WORK INSTRUCTION:
For the entries below, copy exactly the line that contains "معالجة السمنة تقلل خطر الأمراض بلا شك .." through the line that contains "٥- وقت اكبر للعمل و الإنتاج ..", both ends included, and exclude all pictures.

MATERIAL FOR THIS EXERCISE:
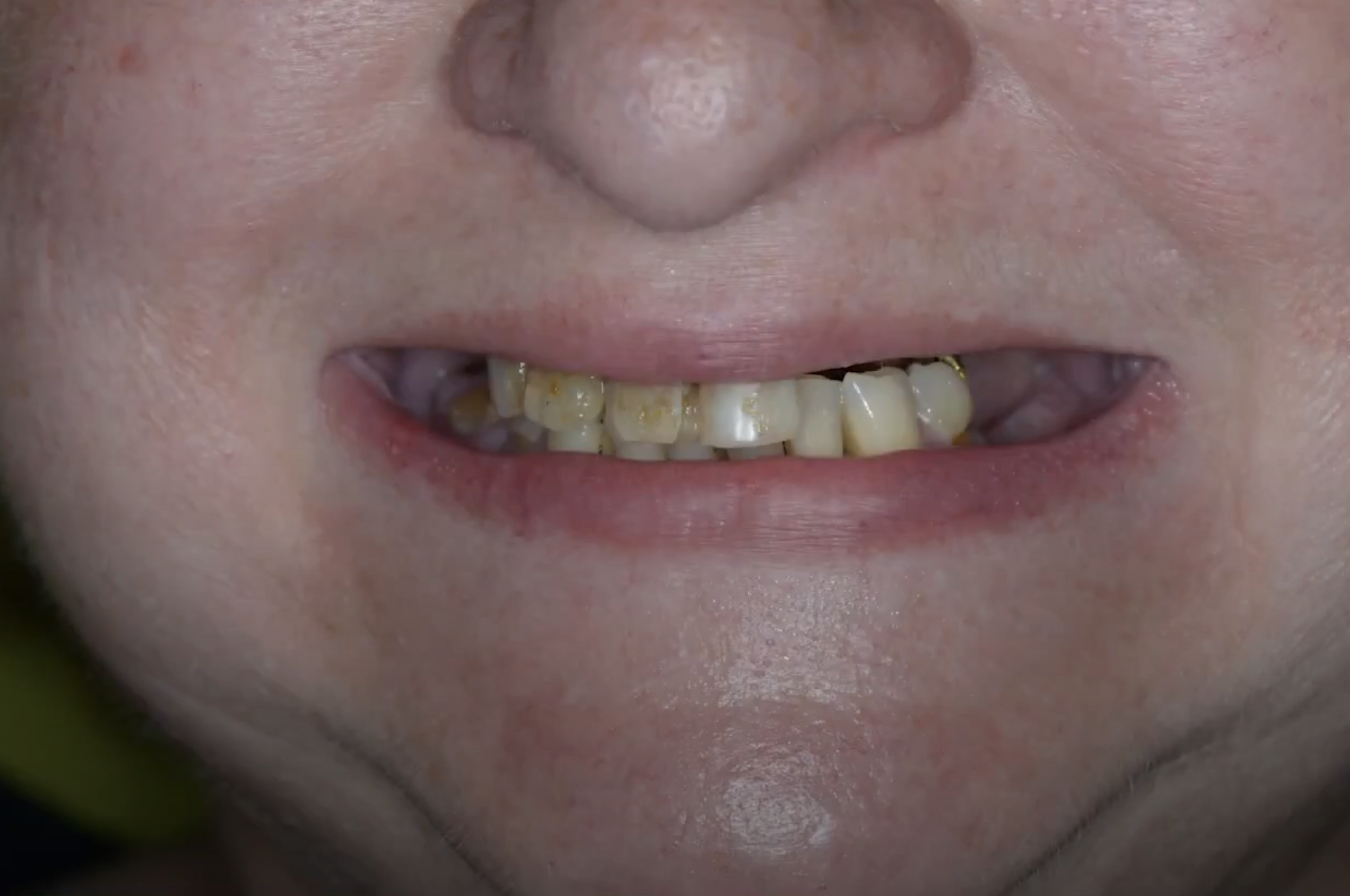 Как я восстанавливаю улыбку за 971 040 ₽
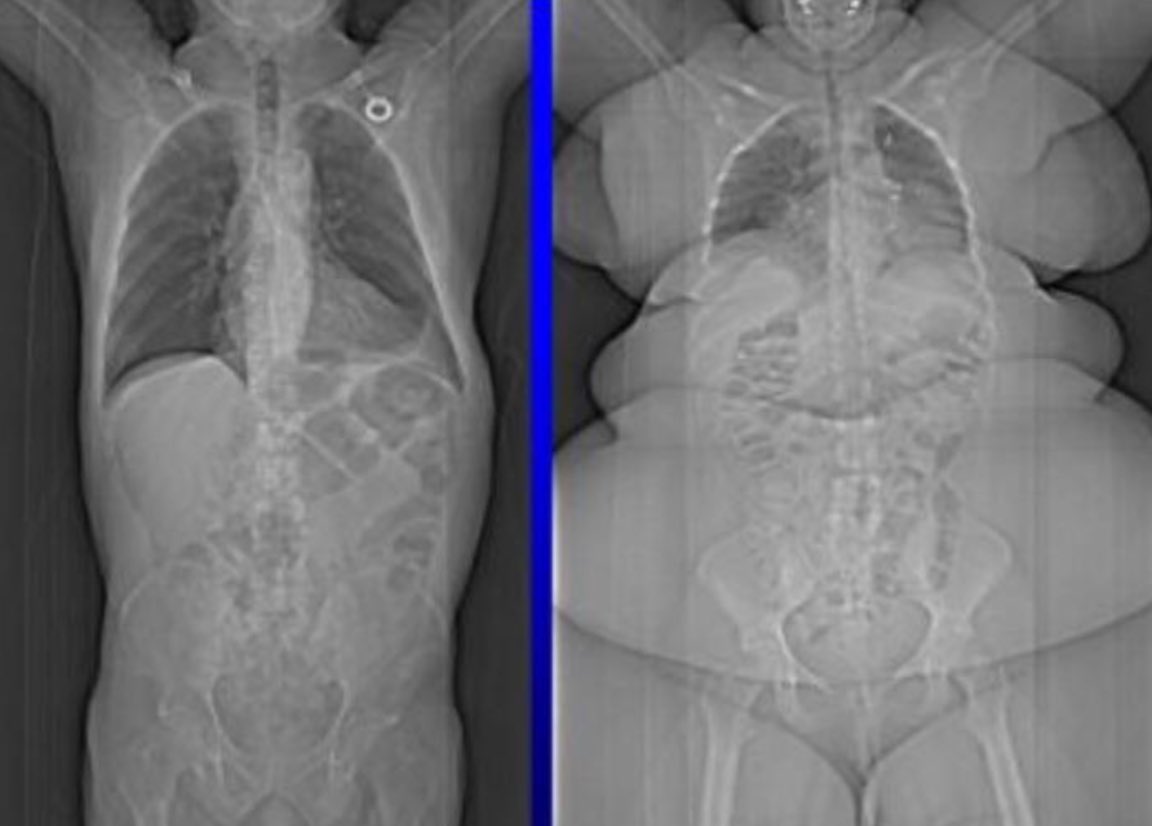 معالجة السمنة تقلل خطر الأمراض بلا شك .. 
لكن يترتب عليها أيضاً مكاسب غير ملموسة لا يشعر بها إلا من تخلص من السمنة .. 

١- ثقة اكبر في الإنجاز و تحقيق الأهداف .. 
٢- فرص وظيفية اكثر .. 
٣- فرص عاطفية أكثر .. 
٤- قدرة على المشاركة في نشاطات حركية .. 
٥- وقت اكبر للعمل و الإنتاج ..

==

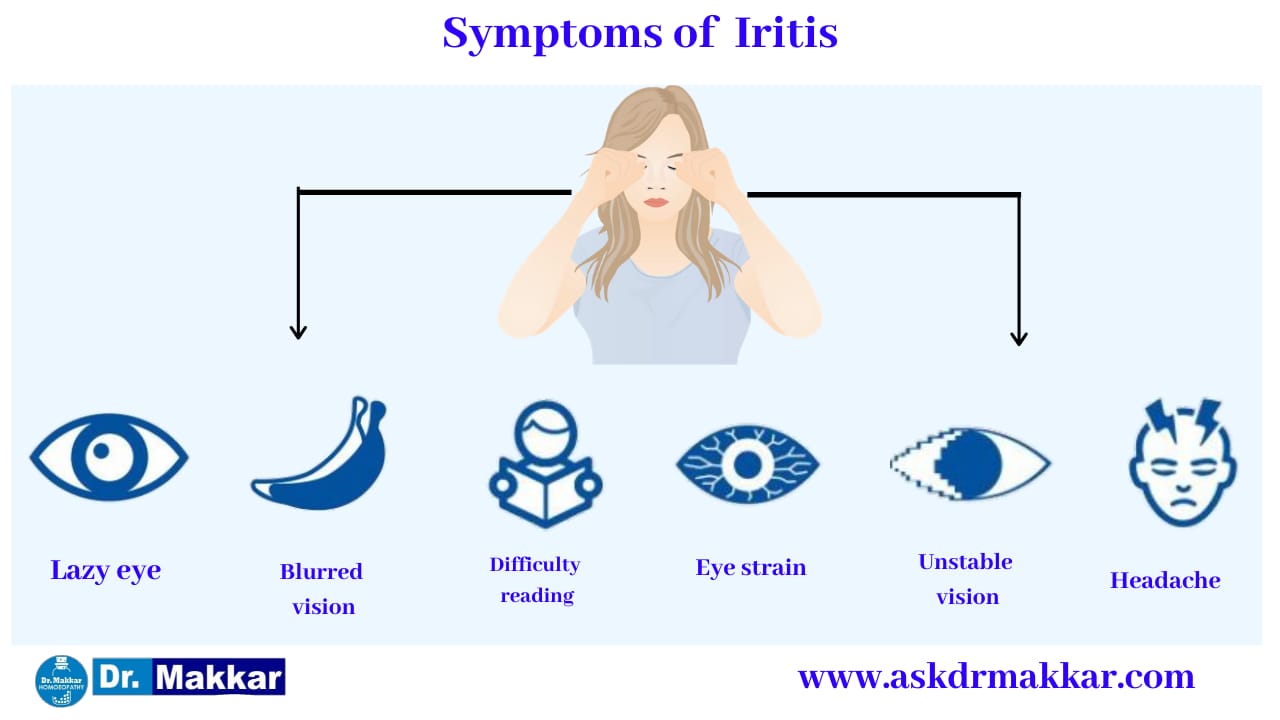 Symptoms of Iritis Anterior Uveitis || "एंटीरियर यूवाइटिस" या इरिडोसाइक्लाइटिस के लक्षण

SOLVED EXERCISE:
 معالجة السمنة تقلل خطر الأمراض بلا شك .. 
لكن يترتب عليها أيضاً مكاسب غير ملموسة لا يشعر بها إلا من تخلص من السمنة .. 

١- ثقة اكبر في الإنجاز و تحقيق الأهداف .. 
٢- فرص وظيفية اكثر .. 
٣- فرص عاطفية أكثر .. 
٤- قدرة على المشاركة في نشاطات حركية .. 
٥- وقت اكبر للعمل و الإنتاج ..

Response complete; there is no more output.